Marie-Christine Mahéas, Head of Mazars Center for Diversity & Inclusion in Paris and Coordinator of the think tank Observatoire de la Mixité, has studied and supported gender balance for 18 years. We recently read the book she co-directed, Remixer la mixité, and she accepted to answer some questions for The A Effect.
Trends That Affect Parity
The A Effect: What are the current issues affecting gender diversity in companies?
Marie-Christine Mahéas: There used to be a lot of talk about women’s leadership, as though women needed to be repaired. Now, the approach to accelerating the achievement of parity is much more precise. Why is this? Because it’s a topic that directly affects more and more people. Here are three things that stand out right now.
- A worrying resurgence of sexism in France. The Haut Conseil à l’Égalité entre les Femmes et les Hommes, which advises the French government on issues of gender balance, recently published a report on the state of sexism. More and more young men perceive certain kinds of sexism as “normal”. For example, 40% of men compared to 27% of women say that it’s normal for women to stop working to look after their children.
- The role of men, especially in parenting, is more relevant than ever [with paternity leave extended in 2021 to 25 days instead of 11]. The more that men are involved in parenting, the more it relieves the burden of motherhood. Because even today, the mental load is mostly carried by women, and it’s difficult in a senior leadership position to find work/life balance. At Mazars, we have even increased the duration of funded paternity leave to the same length as maternity leave, i.e. 2.5 months!
- Mentoring: a solution that is working better and better. As part of my work at the Observatoire de la mixité, 17 men in management form a “think-tank” type club. These men have each chosen to mentor one high-potential women from a fellow club member’s company. For example, one CEO is mentoring a woman on his colleague’s Executive Committee. It’s really seen as a way of helping women to take the final step, the most difficult one, of getting onto an executive committee or becoming the head of a subsidiary of the group, and so on. Despite some doubts I had about mentorship, I’ve observed positive effects on both the mentee and the mentor, as long as it is done properly. This means giving real responsibility to both the mentor and the mentee.

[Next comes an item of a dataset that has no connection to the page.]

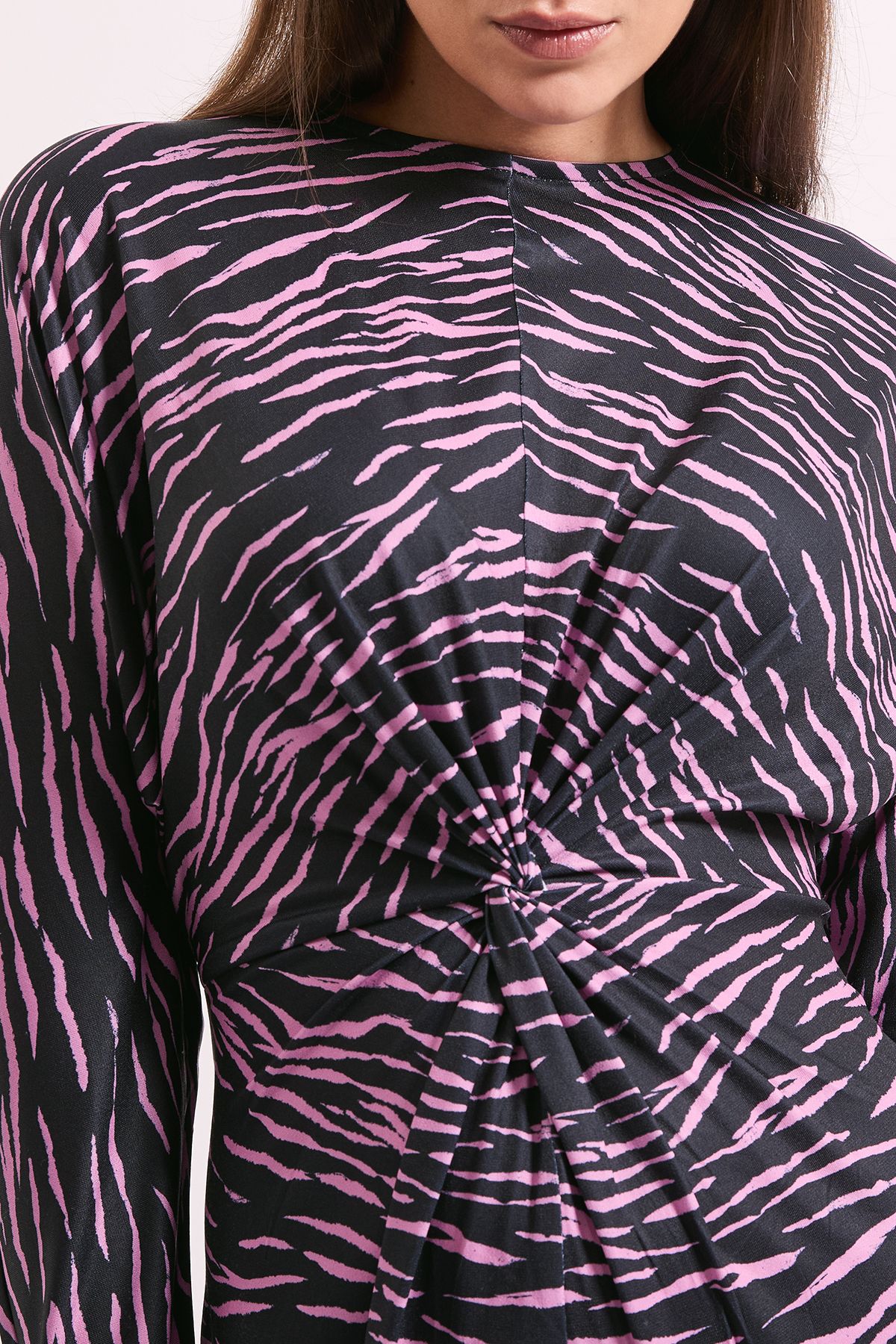 Principles Pink Printed Twist Front Jersey Midi Dress Pink image 5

Mentoring: A Tool to “Fix” Women?
The A Effect: When it comes to mentorship for women, do you think it’s about “repairing” women, as though they were missing something?
No, Women Are Not Broken
No, it’s not a repair as if we were talking about something broken. On one hand, it’s a catch-up process to promote more women, to give a chance to more women, to restore a “mathematical” balance within management. On the other hand, there are differences between women and men related to a type of education. These are not innate flaws, only differences. For example, women are generally less likely to speak up during meetings. Why is this? A study was conducted in kindergarten classes: little girls were encouraged to speak up less often than little boys. This is just one example, but it’s easy to imagine that 20 years later, women would generally have a harder time speaking up.
A Tool to Give Confidence
In another study done by the Observatoire de la mixité, we observed that fewer women than men applied for internal promotions. The reason? Men respond quickly (within the deadline), while women take more time to apply because they ask more questions (they consult their spouses, a friend, a colleague). Women also tend to self-assess less positively (than men) in annual reviews. Taken together, these are not flaws that need to be fixed. They simply come from a type of upbringing that holds women back from obtaining promotions. Mentoring then becomes a confidence-building tool for the mentee, to encourage her, to open doors, and to help her understand the rules of the game, which remain male.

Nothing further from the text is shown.